→ **Exercise**: Please reproduce, exactly and with nothing added, the line containing "Stan klocków hamulcowych" and every line after it to the end of the records.

→ **Record extracts**:

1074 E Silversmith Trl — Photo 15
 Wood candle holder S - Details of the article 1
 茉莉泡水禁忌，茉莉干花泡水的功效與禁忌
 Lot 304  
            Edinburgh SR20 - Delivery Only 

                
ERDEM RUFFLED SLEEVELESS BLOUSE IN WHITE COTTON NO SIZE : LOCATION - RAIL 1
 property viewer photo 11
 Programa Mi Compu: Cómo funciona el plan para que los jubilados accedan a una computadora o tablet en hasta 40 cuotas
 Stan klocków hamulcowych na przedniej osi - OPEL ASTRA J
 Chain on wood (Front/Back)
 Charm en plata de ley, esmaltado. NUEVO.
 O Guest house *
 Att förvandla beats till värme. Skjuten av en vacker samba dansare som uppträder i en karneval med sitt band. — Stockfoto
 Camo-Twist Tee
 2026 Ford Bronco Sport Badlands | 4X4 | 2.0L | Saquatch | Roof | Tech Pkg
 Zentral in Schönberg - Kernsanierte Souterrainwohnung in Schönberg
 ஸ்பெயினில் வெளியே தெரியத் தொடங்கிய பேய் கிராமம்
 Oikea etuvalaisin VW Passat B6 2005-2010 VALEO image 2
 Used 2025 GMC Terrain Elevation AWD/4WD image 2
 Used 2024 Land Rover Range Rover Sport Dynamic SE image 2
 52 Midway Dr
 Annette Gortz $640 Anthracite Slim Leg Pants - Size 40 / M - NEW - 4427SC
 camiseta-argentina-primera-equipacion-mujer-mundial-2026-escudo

→ **Written solution**:
 Stan klocków hamulcowych na przedniej osi - OPEL ASTRA J
 Chain on wood (Front/Back)
 Charm en plata de ley, esmaltado. NUEVO.
 O Guest house *
 Att förvandla beats till värme. Skjuten av en vacker samba dansare som uppträder i en karneval med sitt band. — Stockfoto
 Camo-Twist Tee
 2026 Ford Bronco Sport Badlands | 4X4 | 2.0L | Saquatch | Roof | Tech Pkg
 Zentral in Schönberg - Kernsanierte Souterrainwohnung in Schönberg
 ஸ்பெயினில் வெளியே தெரியத் தொடங்கிய பேய் கிராமம்
 Oikea etuvalaisin VW Passat B6 2005-2010 VALEO image 2
 Used 2025 GMC Terrain Elevation AWD/4WD image 2
 Used 2024 Land Rover Range Rover Sport Dynamic SE image 2
 52 Midway Dr
 Annette Gortz $640 Anthracite Slim Leg Pants - Size 40 / M - NEW - 4427SC
 camiseta-argentina-primera-equipacion-mujer-mundial-2026-escudo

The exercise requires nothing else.